In future posts, we will explore the challenges and possible solutions in detail. In particular we will focus on:

- Networking
- Virtual Server Management
- Job Scheduling
- Performance Monitoring
- Security
- Data Lifecycle

Friday, October 5, 2007

Scripting Grid Engine Administrative Tasks Made Simple

By Sinisa Veseli

Grid Engine (GE) is becoming increasingly popular software for distributed resource management. Although it comes with a GUI that can be used for various administrative and configuration tasks, the fact that all of those tasks can be scripted is very appealing.
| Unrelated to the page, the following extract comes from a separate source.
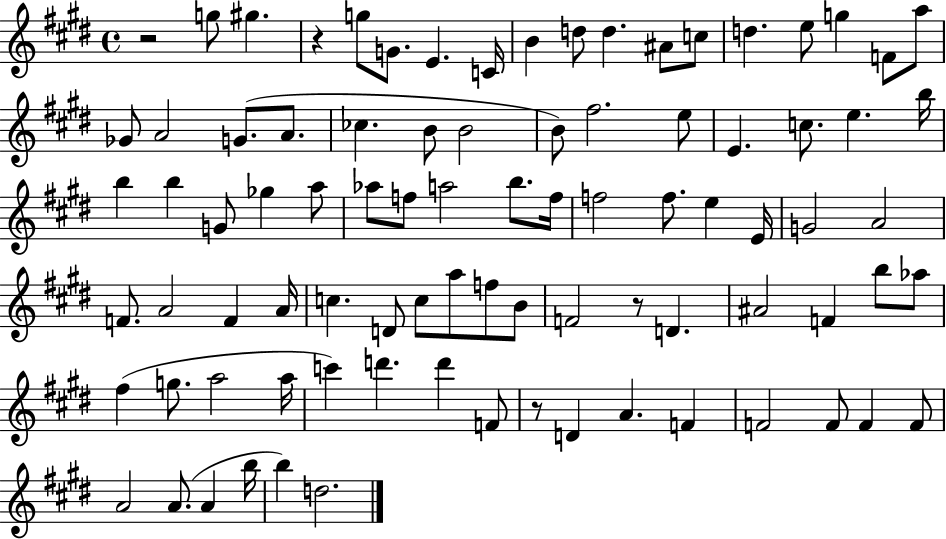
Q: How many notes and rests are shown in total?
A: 87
The GE Scripting HOWTO document already contains a few examples to get one started, but I wanted to further illustrate the usefulness of this GE feature with a simple example of a utility that modifies shell start mode for all queues in the system:

#!/bin/sh

# Utility to modify shell start mode for all GE queues.
# Usage: modify_shell_start_mode.sh 
#  can be one of unix_behavior, posix_compliant or script_from_stdin

# Temporary config file.
tmpFile=/tmp/sge_q.$$

# Get new mode.
newMode=$1

# Modify all known queues.
for q in `qconf -sql`; do
# Prepare queue modification.
echo "Modifying queue: $q"
cmd=”qconf -sq $q | sed 's?shell_start_mode.*?shell_start_mode $newMode?' > $tmpFile”
eval $cmd

# Modify queue.
qconf -Mq $tmpFile

# Cleanup.
rm -f $tmpFile
done

Using the above script one can quickly modify the variable for all queues without having to go through the manual configuration steps.
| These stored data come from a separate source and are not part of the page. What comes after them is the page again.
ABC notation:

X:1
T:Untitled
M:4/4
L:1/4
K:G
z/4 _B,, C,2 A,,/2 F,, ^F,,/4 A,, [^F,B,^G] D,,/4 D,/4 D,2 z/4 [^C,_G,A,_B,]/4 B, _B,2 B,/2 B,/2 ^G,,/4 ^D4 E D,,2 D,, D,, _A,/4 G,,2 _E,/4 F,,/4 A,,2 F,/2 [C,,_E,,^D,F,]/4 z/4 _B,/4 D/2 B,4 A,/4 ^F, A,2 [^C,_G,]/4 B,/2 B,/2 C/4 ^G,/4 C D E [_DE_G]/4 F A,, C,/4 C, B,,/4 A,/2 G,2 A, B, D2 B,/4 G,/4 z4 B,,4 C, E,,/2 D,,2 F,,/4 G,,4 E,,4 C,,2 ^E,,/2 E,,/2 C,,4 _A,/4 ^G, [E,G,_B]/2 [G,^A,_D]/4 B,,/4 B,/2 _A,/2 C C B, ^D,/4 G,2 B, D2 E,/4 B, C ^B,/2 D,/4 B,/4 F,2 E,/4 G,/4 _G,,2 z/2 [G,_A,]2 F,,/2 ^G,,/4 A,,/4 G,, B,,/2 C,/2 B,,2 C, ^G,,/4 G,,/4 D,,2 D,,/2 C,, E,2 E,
The basic approach of 1) preparing new configuration file by modifying the current object configuration, and 2) reconfiguring GE using the prepared file, works for a wide variety of tasks. There are cases, however, in which the desired object does not exist and has to be added. Those cases can be handled by modifying the EDITOR environment variable and invoking the appropriate qconf command. For example, here is a simple script that creates set of new queues from the command line:

#!/bin/sh

# Utility to add new queues automatically.
# Usage: add_queue.sh   …

# Force non-interactive mode.
EDITOR=/bin/cat; export EDITOR

# Get new queue names.
newQueues=$@

# Add new queues.
for q in $newQueues; do
echo "Adding queue: $q"
qconf -aq $q
done

Utilities like the ones shown here get written once and usually quickly become indispensable tools for experienced GE administrators.